Индеец пожал плечами. (До чего же мне осточертело это пожимание плечами! Он будто отметает все, что бы я ни сказал...)
- Лист лечит многие болезни и заставляет голову понять то, что знает сердце.
- Кока, - не унимался я. - Слово "кока". Что оно значит?
- Дерево.
В тоне, каким он произнес это слово, послышалось что-то благоговейное.
- Какое дерево? - спросил я. - Древо Познания? Древо Жизни?
Индеец покачал головой.
Он сказал мне, что кока - священное дерево чибчей. Священным его считали и инки.

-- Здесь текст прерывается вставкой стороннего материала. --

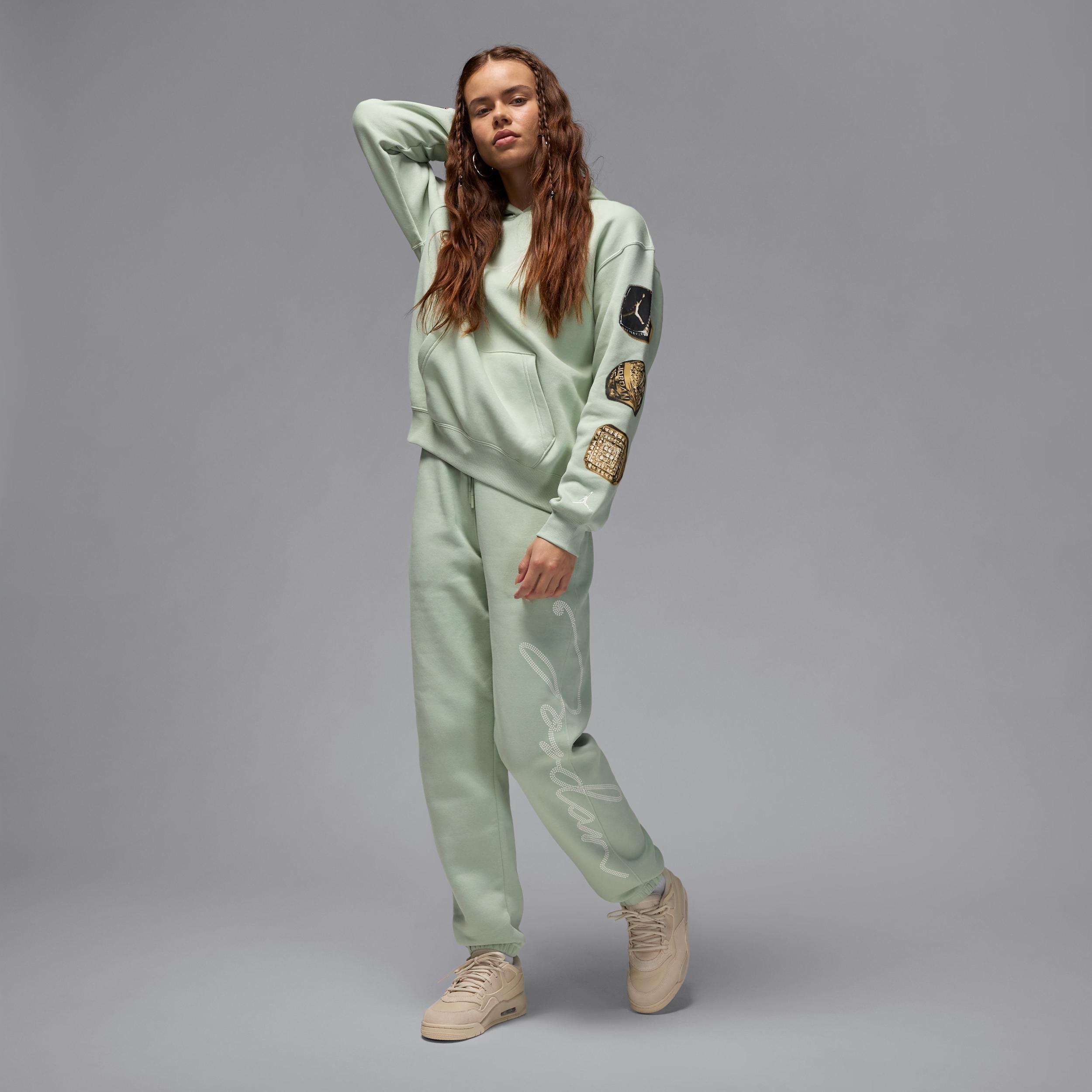 Women's Jordan Brooklyn Fleece Graphic Pants Product Image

Я переспросил его несколько раз, что он имеет в виду, но он не мог или не хотел объяснить. Создается впечатление, что я приблизился к какой-то тайне, чему-то необъяснимому вне собственного замкнутого смысла, к точке, в которой его мир и мой взаимоисключают друг друга. Однако кое-что из его рассказа я все-таки понял: хотя его племя почитает дерево кока, оно ему не поклоняется. Коку приносят в жертву солнцу, сжигают в честь идолов, ею окуривают жертвенники. Места, где растет кока, почитаются ими как святилища. Листья ее очищают кровь и омывают душу. И все же, говорит индеец, кока прежде всего еда, и если листья есть регулярно, то человек нс испытывает потребности ни в какой другой пище. Он утверждает, что питаясь только листьями, человек может идти без сна много дней подряд. Кока обостряет ум и придает телу силы. Он снова вспомнил, как бежал за лошадью Паломеке. Листья кожи, говорит индеец, спасли ему жизнь.